# Portfolio 3: Predicting the Genre of Books from Summaries

We'll use a set of book summaries from the [CMU Book Summaries Corpus](http://www.cs.cmu.edu/~dbamman/booksummaries.html) in this experiment.  This contains a large number of summaries (16,559) and includes meta-data about the genre of the books taken from Freebase.  Each book can have more than one genre and there are 227 genres listed in total.  To simplify the problem of genre prediction we will select a small number of target genres that occur frequently in the collection and select the books with these genre labels.  This will give us one genre label per book. 

Our goal in this portfolio is to take this data and build a predictive model to classify the books into one of the five target genres.  We will need to extract suitable features from the texts and select a suitable model to classify them.

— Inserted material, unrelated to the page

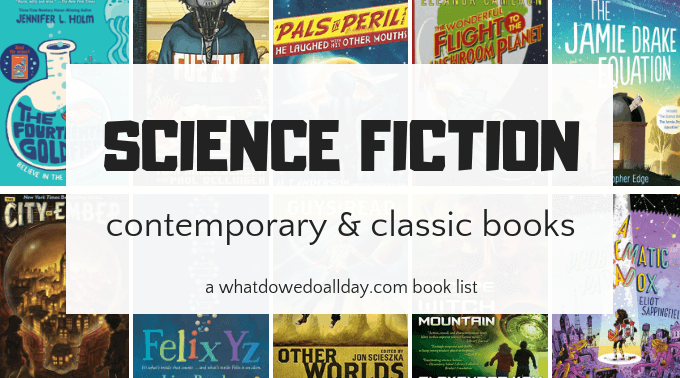 Science fiction books for kids - classic and contemporary titles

We will build at least one model but We could build two and compare the results.

## Data Preparation

The first task is to read the data. It is made available in tab-separated format but has no column headings. We can use `read_csv` to read this but we need to set the separator to `\t` (tab) and supply the column names.  The names come from the [ReadMe](data/booksummaries/README.txt) file.

In [1]:
import pandas as pd
import numpy as np
import nltk
import re
from tqdm import tqdm
import matplotlib.pyplot as plt
%matplotlib inline
names = ['wid', 'fid', 'title', 'author', 'date', 'genres', 'summary']
books = pd.read_csv("data/booksummaries/booksummaries.txt", sep="\t", header=None, names=names, keep_default_na=False)
books.head()

Unnamed: 0,wid,fid,title,author,date,genres,summary
0,620,/m/0hhy,Animal Farm,George Orwell,1945-08-17,"{""/m/016lj8"": ""Roman \u00e0 clef"", ""/m/06nbt"":...","Old Major, the old boar on the Manor Farm, ca..."
1,843,/m/0k36,A Clockwork Orange,Anthony Burgess,1962,"{""/m/06n90"": ""Science Fiction"", ""/m/0l67h"": ""N...","Alex, a teenager living in near-future Englan..."
2,986,/m/0ldx,The Plague,Albert Camus,1947,"{""/m/02m4t"": ""Existentialism"", ""/m/02xlf"": ""Fi...",The text of The Plague is divided into five p...
3,1756,/m/0sww,An Enquiry Concerning Human Understanding,David Hume,,,The argument of the Enquiry proceeds by a ser...
4,2080,/m/0wkt,A Fire Upon the Deep,Vernor Vinge,,"{""/m/03lrw"": ""Hard science fiction"", ""/m/06n90...",The novel posits that space around the Milky ...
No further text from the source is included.